How GE Maintains Global Presence Via Social Media

general electric social media marketing

General Electric, GE, is an American corporation headquartered in New York City, and a B2B brand.

GE’s business activities stretch across the power, water, oil and gas industries but also deals with software development, financial services, automotives and more.

As a brand that does not usually engage directly with the average consumer when it comes to business, GE has done remarkably well for itself in establishing a global presence on social media.

Dubbed “The Most Exciting Brand on Social Media” by Beta21, let us distill the ways in which GE humanises its brand, and keeps itself social.

1. The ‘GE Works’ Equation

Image: GE Annual Report 2011

GE has a strong brand vision that underpins all its marketing efforts.

With expertise in many fields of industry, what brings all these diverse businesses together is GE’s focus on championing science and innovation in general, with the hopes of creating “a world that works better”.

Marketing efforts by GE are thus geared towards building a brand image of “thought-leaders in advanced technology.

Resultant social media campaigns and marketing material are thus focused on putting together inspirational and thought-provoking content that build off from this underlying theme.

Word-of-mouth tip: Having a strong brand vision is of extreme importance in putting together a coherent and impactful marketing strategy. GE’s vision of creating a world that works better is simple, yet effective — one that buyers can identify with and feel good about.

2. YouTube – Stories that Humanise the Brand

GE’s Youtube feed is a treasure trove of amazing content.

At the heart of every video is the message that GE’s new innovations and state-of-the-art technology has created a revolutionary impact on industry and helped make human lives better.

The 2014 video “Childlike Imagination – What My Mom Does at GE” is a particularly successful example of GE’s use of storytelling to humanise the brand:

The video features a little girl describing what her mother does at GE, from a whimsical child-like perspective. The video ends with the little girl saying, “My mom works at GE,” driving home the important message that GE does great things.

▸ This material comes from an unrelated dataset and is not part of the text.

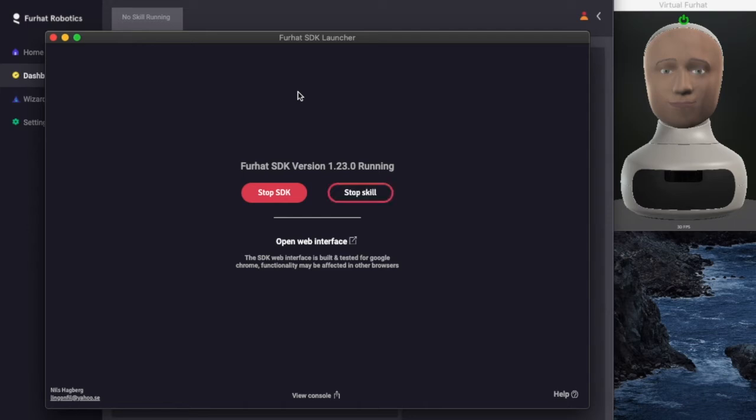We can see the skill is starting to run. Then we can jump to the web interface.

The video was a huge success, garnering more than 2 million views on Youtube.

GE’s executive director of global digital marketing Linda Boff has said, “We’ve found when we’re able to tell relevant stories — both about our challenges as well as our successes — in always-on channels, people reach out to us and share their experiences as well. That’s allowed us to build relationships over time.”

Word-of-mouth tip: Youtube is a great platform for putting out visual content. GE’s unique approach of letting people see what goes on behind the scenes and by showcasing the technologies that have changed the world goes a long way in humanising the work done at GE and increasing brand reputation.

3. Snapchat — Celebrating Past Achievements through Storytelling

Image source: AdWeek

GE launched its Snapchat account in style, choosing to coincide with the 45th anniversary of Neil Armstrong’s first moon landing.

The boots that Armstrong wore when he landed on the moon were purportedly designed with GE silicone rubber.

In celebration of this fact, GE turned to Snapchat to announce the release of a custom edition moon boot known as “The Missions”, produced in collaboration with retailer JackThreads.

To generate further hype over the new product launch, GE invited Buzz Aldrin, the second man to reach the moon, to take over the Snapchat account for a couple of hours.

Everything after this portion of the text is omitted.